Bugtraq mailing list archives

Re: Wanted: hackers for tiger team (new england area)


From: rouilj () cs umb edu (John P. Rouillard)
Date: Sun, 09 Oct 1994 10:57:37 -0400


% As long as we can be sure the person/group is going to tell _all_
% that they found..... then we are interested in paying/contracting ect..
% We don't want to pay someone to bang on the doors and then tell us 1/2
% of our bugs and then tell the cracker comunity the other half :-) :-(
%:-(.... The half we get is commonly the half we already know e.g. not
% worth our time/money.

This is rich... You get a tigerteam to bang on the doors, and you
haven't even plugged all the old holes yet? I could understand this if
you were a normal everyday company, just on the road to get their
internet connection up and running. But not from Sun Microsystems Inc.
You guys are supposed to be able to fix things from source, right?

One problem with tiger teams that I have difficulty getting through to
clients on is that a tiger teams can not prove that the system is
trustworthy. It can uncover holes in the security model, (when I do
tiger team work, I get full details of the firewall/security
installation), show that things aren't working as expected, but it
doesn't prove that things are secure.

Thas said, some sites that have had tiger teams leave/install holes
for the tiger team to find. The rational is that the team will do its
job and should discover darn near 100% of the known holes. If they
don't then there is usually something missing in the testing
methodology.

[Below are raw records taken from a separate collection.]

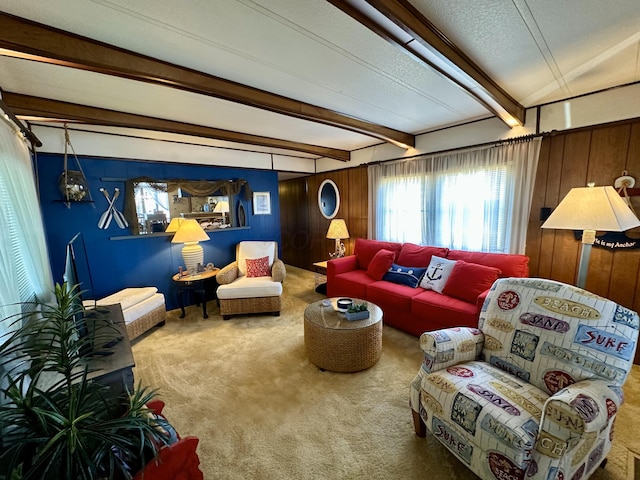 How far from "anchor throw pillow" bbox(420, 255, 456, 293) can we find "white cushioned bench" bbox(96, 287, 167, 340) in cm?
314

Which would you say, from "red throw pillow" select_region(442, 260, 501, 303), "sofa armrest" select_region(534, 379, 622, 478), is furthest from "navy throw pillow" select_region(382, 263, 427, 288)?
"sofa armrest" select_region(534, 379, 622, 478)

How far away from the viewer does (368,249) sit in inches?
152

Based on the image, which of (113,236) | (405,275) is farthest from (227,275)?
(405,275)

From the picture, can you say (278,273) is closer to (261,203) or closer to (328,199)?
(261,203)

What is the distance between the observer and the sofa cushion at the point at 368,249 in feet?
12.1

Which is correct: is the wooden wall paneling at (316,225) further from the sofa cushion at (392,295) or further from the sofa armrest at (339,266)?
the sofa cushion at (392,295)

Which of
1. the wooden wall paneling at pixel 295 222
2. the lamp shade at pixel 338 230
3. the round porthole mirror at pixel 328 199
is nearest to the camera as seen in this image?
the lamp shade at pixel 338 230

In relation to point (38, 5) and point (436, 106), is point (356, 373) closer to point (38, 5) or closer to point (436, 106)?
point (436, 106)

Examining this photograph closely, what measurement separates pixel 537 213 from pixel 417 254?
4.19ft

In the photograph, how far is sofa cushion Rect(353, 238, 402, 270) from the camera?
3.67 m

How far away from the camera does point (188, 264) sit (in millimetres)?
3562

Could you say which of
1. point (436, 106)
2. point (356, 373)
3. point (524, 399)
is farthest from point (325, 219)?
point (524, 399)

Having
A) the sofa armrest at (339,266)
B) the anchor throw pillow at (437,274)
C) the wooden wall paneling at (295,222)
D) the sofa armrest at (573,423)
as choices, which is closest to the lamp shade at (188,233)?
the sofa armrest at (339,266)

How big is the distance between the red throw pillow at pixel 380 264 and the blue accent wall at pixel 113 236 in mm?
2353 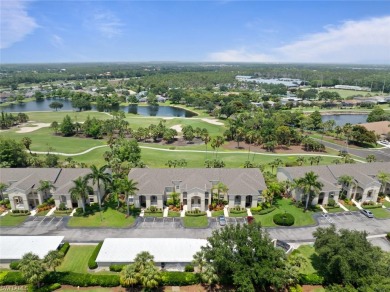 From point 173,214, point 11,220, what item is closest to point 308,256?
point 173,214

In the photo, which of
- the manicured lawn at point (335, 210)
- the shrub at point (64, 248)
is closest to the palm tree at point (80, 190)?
the shrub at point (64, 248)

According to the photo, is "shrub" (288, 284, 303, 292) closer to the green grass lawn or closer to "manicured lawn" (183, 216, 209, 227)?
the green grass lawn

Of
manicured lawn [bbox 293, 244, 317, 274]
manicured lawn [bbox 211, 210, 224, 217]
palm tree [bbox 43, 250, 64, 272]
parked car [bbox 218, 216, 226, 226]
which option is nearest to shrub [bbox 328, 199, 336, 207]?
manicured lawn [bbox 293, 244, 317, 274]

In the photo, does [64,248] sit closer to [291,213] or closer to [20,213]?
[20,213]

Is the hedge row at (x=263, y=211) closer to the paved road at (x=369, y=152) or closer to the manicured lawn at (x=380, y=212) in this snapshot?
the manicured lawn at (x=380, y=212)

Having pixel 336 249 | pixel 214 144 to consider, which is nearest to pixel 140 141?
pixel 214 144

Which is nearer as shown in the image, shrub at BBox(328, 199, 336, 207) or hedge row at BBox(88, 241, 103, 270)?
hedge row at BBox(88, 241, 103, 270)

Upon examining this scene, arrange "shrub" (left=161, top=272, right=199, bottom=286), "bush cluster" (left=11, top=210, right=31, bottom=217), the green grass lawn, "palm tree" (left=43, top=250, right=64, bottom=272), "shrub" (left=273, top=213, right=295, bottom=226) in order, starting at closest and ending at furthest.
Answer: "palm tree" (left=43, top=250, right=64, bottom=272) < "shrub" (left=161, top=272, right=199, bottom=286) < "shrub" (left=273, top=213, right=295, bottom=226) < the green grass lawn < "bush cluster" (left=11, top=210, right=31, bottom=217)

If they only manage to find 50% of the holes/traps that
were planted, then I would have serious doubts about their attack
methodology, or the trustworthyness of some of their members.

On strategy that often works for testing tiger teams is to put traps
into active bugs. I was hired to do this to a few
programs/daemons. Weren't we surprised when we didn't see these bugs
listed on the report that they returned to us 8-).  I knew this bug
had been caught since my logs showed its use.  It was later found out
that one of their people was "less than honest" about all of the bugs
he had found.

                                -- John
John Rouillard

Senior Systems Administrator              IDD Information Services
rouilj () dstar iddis com                         Waltham, MA (617) 890-1576 x225

Senior Systems Consultant (SERL Project)  University of Massachusetts at Boston
rouilj () cs umb edu (preferred)                  Boston, MA, (617) 287-6480
===============================================================================
My employers don't acknowledge my existence much less my opinions.